Женщина, с которой мне довелось делить остановку, наверняка приехала в Берген из самой глубинки Западной Норвегии. Взгляд ее был прикован к асфальту, уголки рта опущены вниз, а на всем облике лежала печать отверженности и глубокой тоски, как будто она только и мечтала вернуться к земле, от которой ее оторвали. Солнце ее детства уже давно зашло за горизонт и никогда больше не появится из-за океана.
У стоящих под дождем в ожидании автобуса людей лица вообще были совершенно невыразительны, а черты лица нарисованы простым карандашом, и казалось, что в любую минуту их может смыть дождем.
Когда из тоннеля показался желтый рейсовый автобус, мы все сразу бросились к нему и, ворвавшись внутрь, постарались сесть как можно дальше друг от друга. Веселенькое утреннее сборище. Если бы кто-нибудь предложил нам сейчас исполнить радостную песенку, он был бы немедленно послан обратно в психушку, благо она была за поворотом.
Я вышел из автобуса около Центрального почтамта с чувством человека, выписавшегося из больницы после долгой тяжелой болезни. Я отправился в Полицейское управление и поинтересовался, на месте ли Данкерт Мюус. Да, на месте, но не испытывает желания видеть меня.
— Тогда ему придется закрыть глаза, — улыбнулся я плешивому дежурному и направился к лифту.
На четвертом этаже в своем кабинете Мюус пытался вдохнуть побольше воздуха, докуривая очередную сигарету. Увидев меня, он взорвался:
— Неужели не понятно, что я не хочу тебя видеть? — прорычал он.

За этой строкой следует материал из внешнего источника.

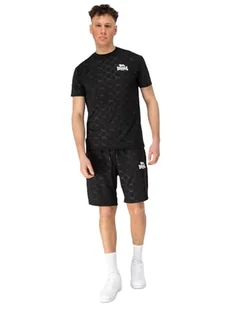 Lonsdale Męska koszulka funkcyjna i szorty zestaw normalnego kroju PRESTWOOD, czarny/biały, 3XL - Spodenki damskie - miniaturka - grafika 1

— Я боялся, что ты изменишь свое решение. — И с этими словами я направился к его столу и уселся на стул.
Несколько секунд мы мерили друг друга взглядами. Если большинство людей с годами становятся все меньше и меньше, то с Мюусом было наоборот. С каждым годом он приобретал все большее и большее сходство с неотесанной квадратной глыбой гранита. Но на голове всегда была одна и та же неизменная шляпа, которую, вероятно в качестве наказания, Бог предопределил носить ему до смерти.
Он был в сером костюме, черных туфлях, белой рубашке и рыже-красном галстуке.
— Ты выбрал самый свой симпатичный галстук, — сказал я.
Он передвинул окурок в другой уголок рта и выдохнул:
— Я стал слишком рано радоваться. Нам нужно было подождать всего пять минут…
— Да уж, с поджогом вам придется повозиться. Не то что с обычным пожаром в старом деревянном доме…
На его губам промелькнула слабая улыбка.
— Я бы не стал называть это поджогом. Простая разборка между своими. И расследовать такое преступление мне доставит истинное удовольствие… Ты меня понимаешь, надеюсь?